* _Work to be completed_
The material below should be copied line for line, please, with pictures omitted.

* _Dataset section_
>>

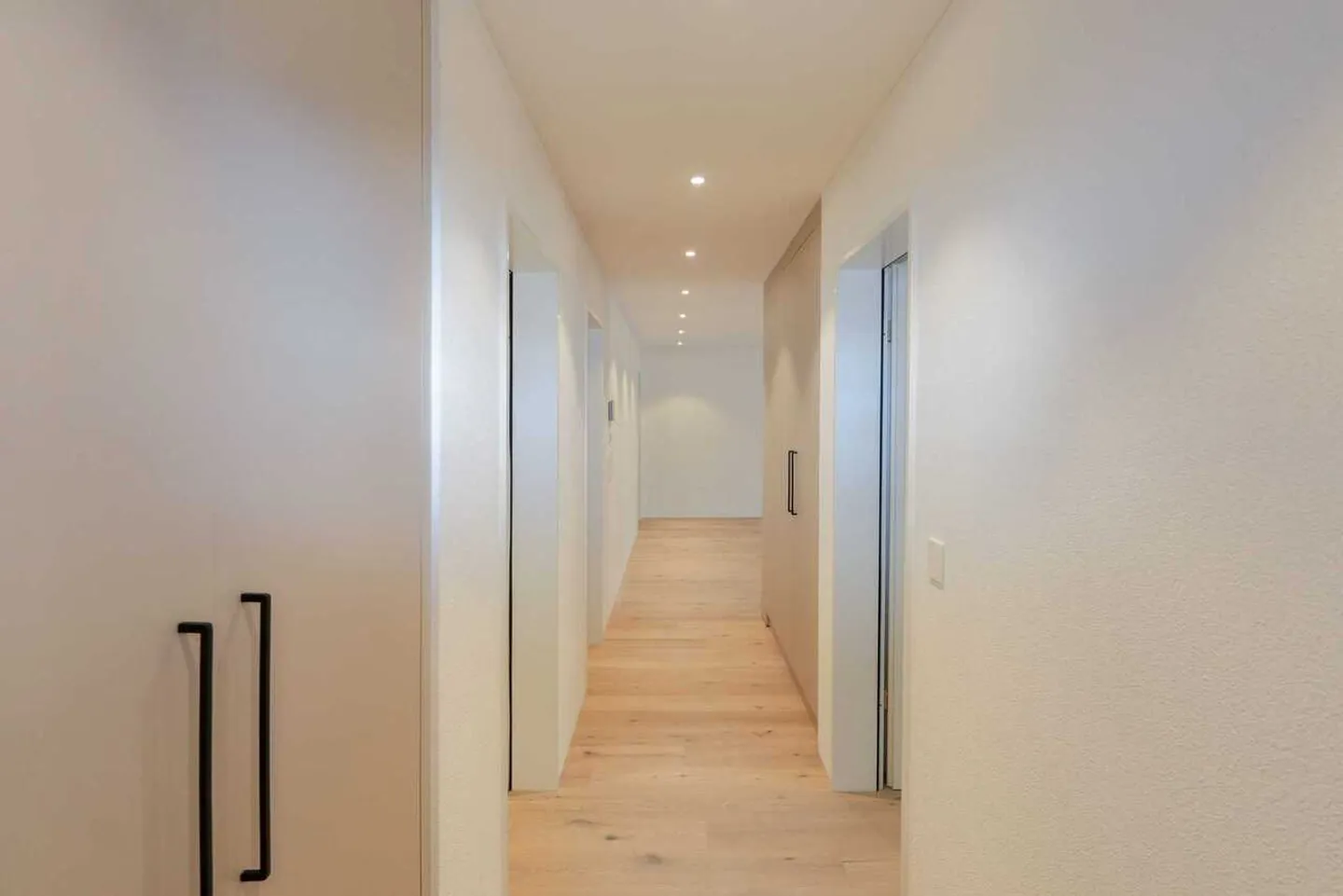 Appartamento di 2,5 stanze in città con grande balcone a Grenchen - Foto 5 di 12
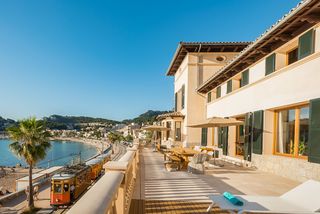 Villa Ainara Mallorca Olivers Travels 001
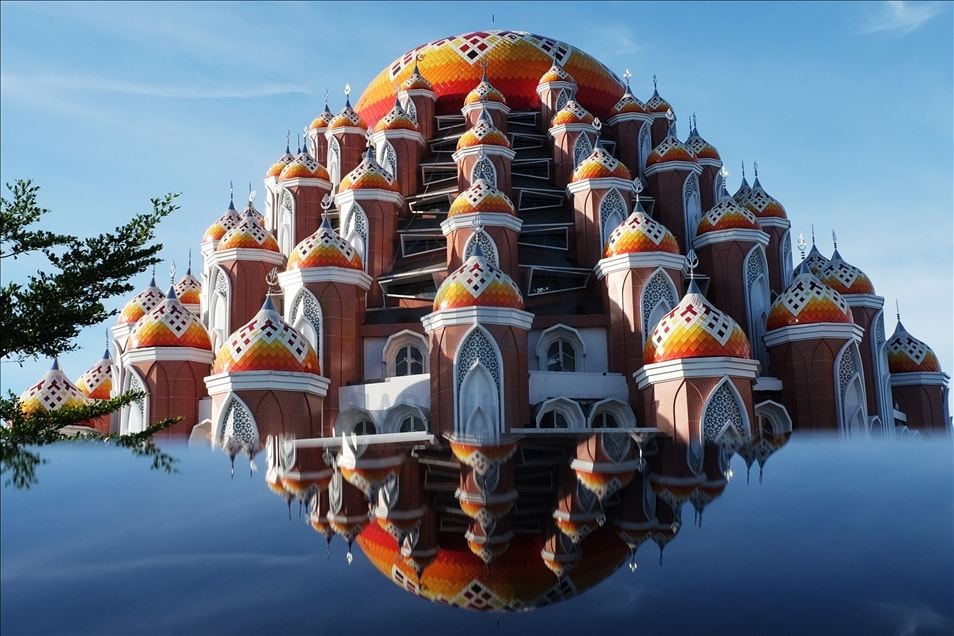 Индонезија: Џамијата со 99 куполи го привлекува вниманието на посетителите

<<

* _Exercise output_
 Appartamento di 2,5 stanze in città con grande balcone a Grenchen - Foto 5 di 12
 Villa Ainara Mallorca Olivers Travels 001
 Индонезија: Џамијата со 99 куполи го привлекува вниманието на посетителите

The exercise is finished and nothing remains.